Onboarding new employees has been carried out remotely for the most part since the start of the coronavirus crisis. Under these difficult conditions, how can you keep remote workers enthusiastic about their new jobs and make sure that they are engaged with the company? And how can you keep your finger on the pulse at the same time, so that you can straighten out any problems in the onboarding process as quickly as possible?
- Give new employees a buddy
Employees who start a job working remotely can have a lack of clarity about their role. So, it makes sense to match each new employee with a defined onboarding contact. These “buddies” can reduce the fear factor around asking questions such as: “What actually is my role? How will we work together? What do you think will happen in the short term within our team and within the organization? What do you expect from me? If I want to do my job properly, what do I need to watch out for?”
- Explicitly ask new employees what problems they are facing
Ask in what situations employees find that they are experiencing difficulties in carrying out their new role. Because with remote working, colleagues aren’t always available when new employees are facing problems, it makes sense to explicitly ask about the difficulties that they face. You may also have to schedule more calls than usual and, if necessary, to meet in person, bearing in mind health and safety measures.
- Help employees build up a network
In general, even under normal circumstances, not all employees are aware that it’s important to build up a network themselves within the company — and this is even more difficult to do when working remotely. That’s why it may be useful to help new employees plan targeted conversations with colleagues who will be important contacts when carrying out their work tasks, including colleagues in other departments.
- Explain the company culture
The company culture can be directly addressed during one-to-one online conversations. It’s very difficult to get to know the culture from behind your computer screen, so you need to make lots of aspects explicit. Like: How do you handle risks?
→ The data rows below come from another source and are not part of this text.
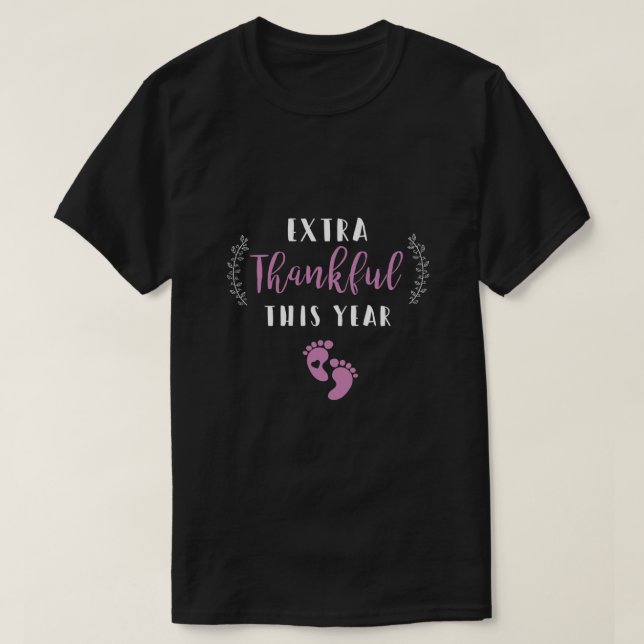 Camiseta Muito Obrigado Este Ano Menina Gravidez Longa Dorm (Frente do Design)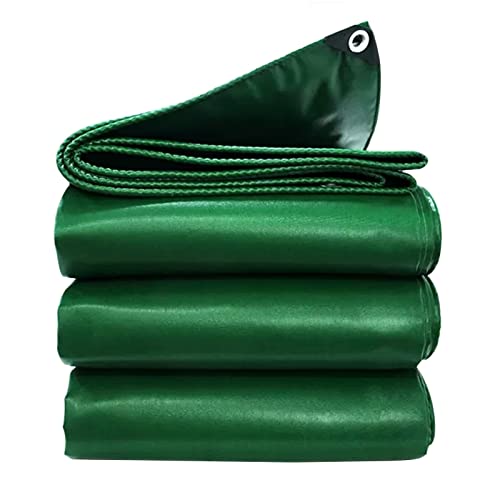 Lona de PVC verde resistente impermeable de 3 x 4 m con ojales reforzados, tienda de campaña multiusos para uso en exteriores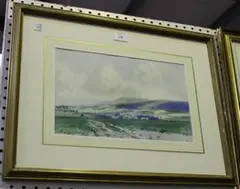 R. Hamilton Chapman, Downland Landscape with Figure working in a Field, 1905, watercolour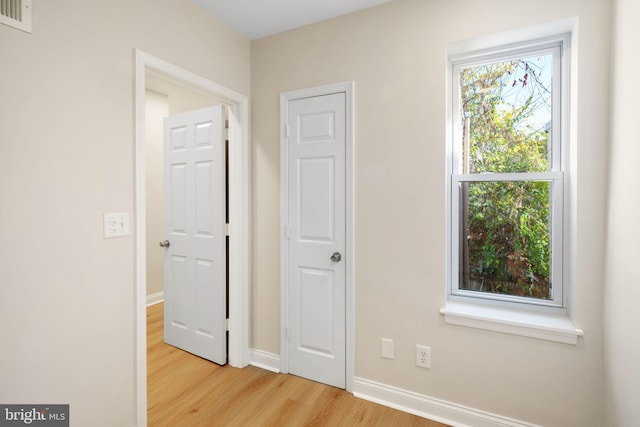 interior space with light hardwood / wood-style flooring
If you win a customer but you don’t have time to consult beforehand, can you make a decision on your own right away? Is that allowed here? Or do you have to run everything by the director first? Or: What’s the etiquette? How do you express appreciation, for example? The particular questions will vary depending on job, department and country.
- Reassure new employees
It’s very important that you reassure new employees who work remotely. Emphasize that onboarding will be a little slower than in the office and try to adjust the expectations of new employees. This will stop them wondering whether they have made the right choice, or feeling insecure. New employees really want to demonstrate as soon as possible that they can make a valuable contribution, but this is sometimes a bit more difficult remotely and in times that are uncertain. It therefore makes sense to explain that and to say as clearly as possible that this situation is a little more difficult, and that everyone knows that. And that it can sometimes be difficult for existing employees to work from home as well.
- Find out why employees leave companies prematurely
Contact with (new) employees is crucial nowadays if you want to avoid high turnover rates and ensure that everyone can perform to the best of their abilities. Continuous listening, where you regularly ask employees for feedback via pulse checks, is ideal for this. This allows you to discover what is going wrong and what you can do about it before it is too late. Only by implementing procedures such as this are you able to use feedback from your employees to improve things from within, always stay a step ahead the competition and enjoy sustainable success.